The material below holds pictures, which are to be left out; copy exactly the lines from the one with "this 800×800 image." through the one with "this 845×633 image.".

** Opening The input block **

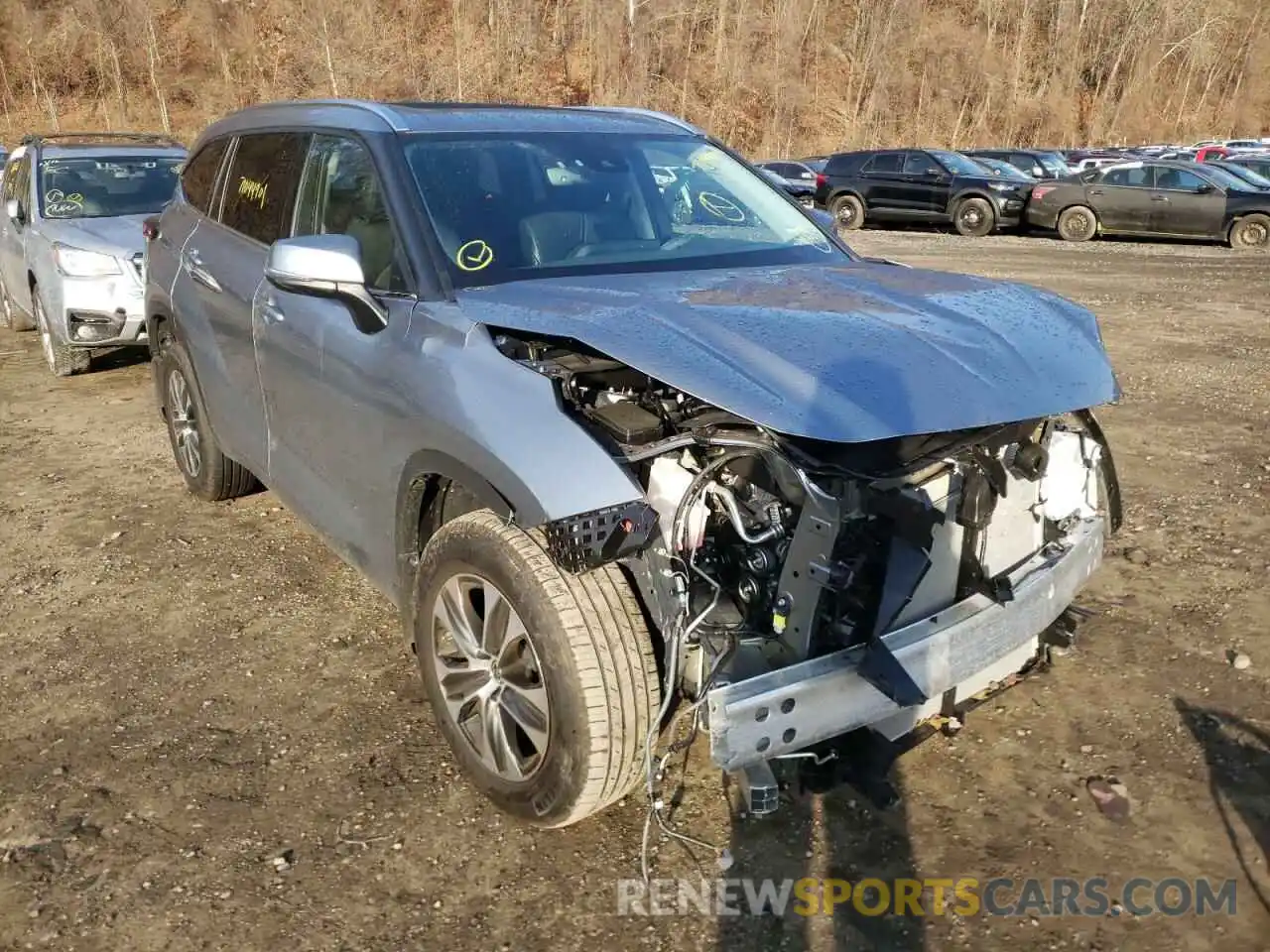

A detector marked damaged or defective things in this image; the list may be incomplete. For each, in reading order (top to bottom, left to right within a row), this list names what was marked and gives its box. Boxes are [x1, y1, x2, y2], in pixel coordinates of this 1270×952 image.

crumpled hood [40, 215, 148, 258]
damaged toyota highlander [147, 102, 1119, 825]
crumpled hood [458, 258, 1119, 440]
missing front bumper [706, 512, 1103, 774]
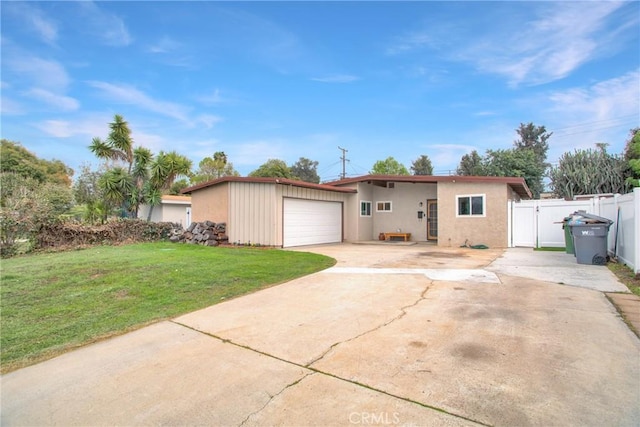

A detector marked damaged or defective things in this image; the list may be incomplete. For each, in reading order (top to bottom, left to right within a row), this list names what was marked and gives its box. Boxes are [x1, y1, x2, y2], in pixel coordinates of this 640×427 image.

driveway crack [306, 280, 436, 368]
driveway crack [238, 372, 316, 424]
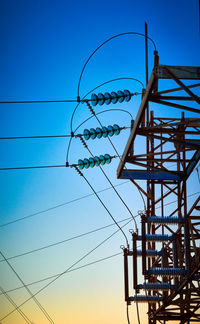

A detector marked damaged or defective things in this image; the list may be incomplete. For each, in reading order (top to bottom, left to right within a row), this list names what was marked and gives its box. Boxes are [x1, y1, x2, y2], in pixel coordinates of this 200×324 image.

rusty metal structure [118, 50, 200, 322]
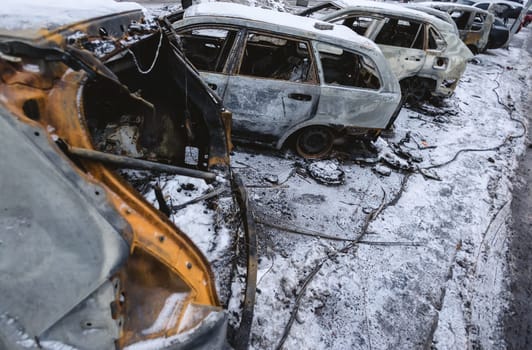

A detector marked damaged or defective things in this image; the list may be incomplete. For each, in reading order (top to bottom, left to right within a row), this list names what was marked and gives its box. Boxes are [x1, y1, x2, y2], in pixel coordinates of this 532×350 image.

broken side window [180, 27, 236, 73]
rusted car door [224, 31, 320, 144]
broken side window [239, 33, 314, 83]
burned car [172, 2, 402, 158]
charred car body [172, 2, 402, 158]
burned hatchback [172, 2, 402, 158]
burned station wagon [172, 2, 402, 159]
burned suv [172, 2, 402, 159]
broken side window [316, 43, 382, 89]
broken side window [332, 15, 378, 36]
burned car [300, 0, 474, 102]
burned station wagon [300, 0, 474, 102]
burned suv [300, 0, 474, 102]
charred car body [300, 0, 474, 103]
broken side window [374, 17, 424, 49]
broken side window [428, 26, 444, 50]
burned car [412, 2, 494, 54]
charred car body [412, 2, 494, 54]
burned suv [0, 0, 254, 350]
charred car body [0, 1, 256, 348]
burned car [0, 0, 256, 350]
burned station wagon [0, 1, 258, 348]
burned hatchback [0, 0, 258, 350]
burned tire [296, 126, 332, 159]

** Closing The input block **
** Opening The input block **

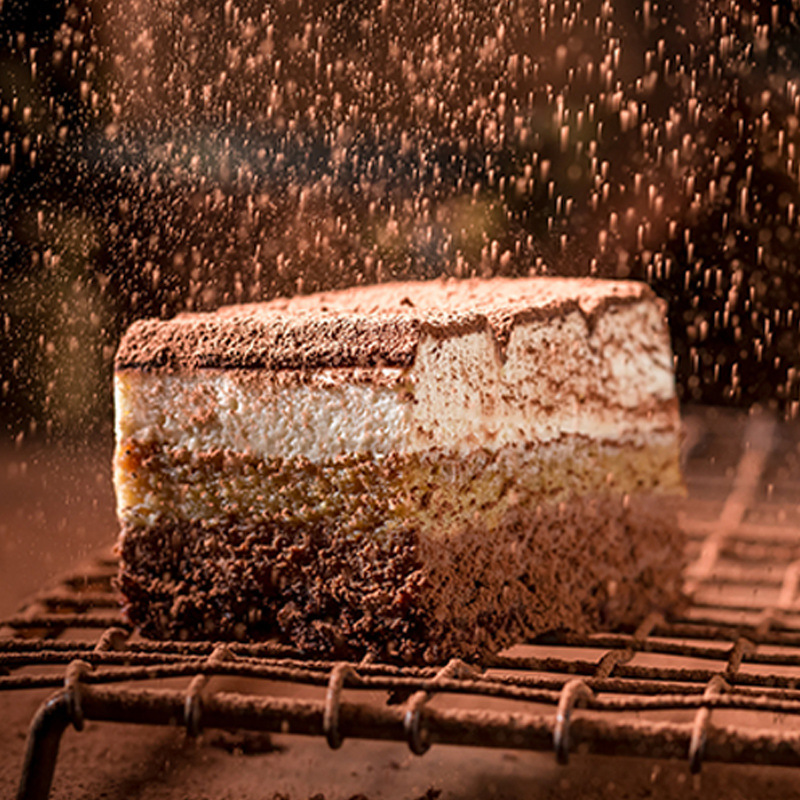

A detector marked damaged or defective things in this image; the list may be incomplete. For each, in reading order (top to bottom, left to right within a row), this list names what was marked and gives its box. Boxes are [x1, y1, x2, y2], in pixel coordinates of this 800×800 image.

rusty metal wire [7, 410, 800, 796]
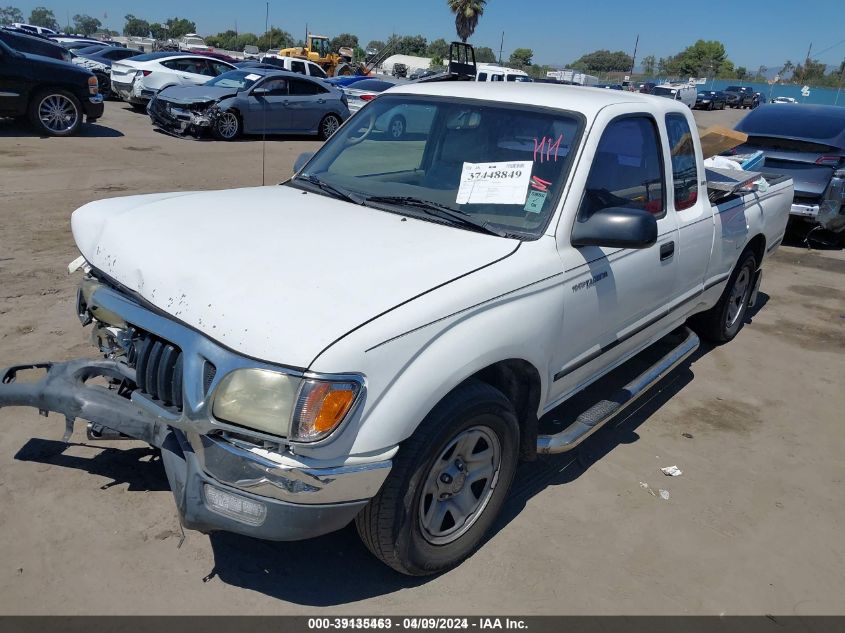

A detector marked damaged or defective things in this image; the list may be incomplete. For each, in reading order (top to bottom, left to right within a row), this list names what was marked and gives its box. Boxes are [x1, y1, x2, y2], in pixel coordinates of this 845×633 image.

** Closing The input block **

> Answer to the exercise
A detector marked damaged or defective things in this image; the list may be incomplete. For each, in reading order (top to bottom, left to right within a row), this list names what was marked and gives its box. Boxes are [x1, y1, x2, y2], in pixel coordinates of this 800×800 image.

rusty metal wire [7, 410, 800, 796]

A detector marked damaged or defective things in this image; the list may be incomplete. For each, in reading order (top to bottom, left to right within a row), this list names what was marked and gives its box. Boxes are [x1, y1, x2, y2], in pixel coordinates of this 845×633 image.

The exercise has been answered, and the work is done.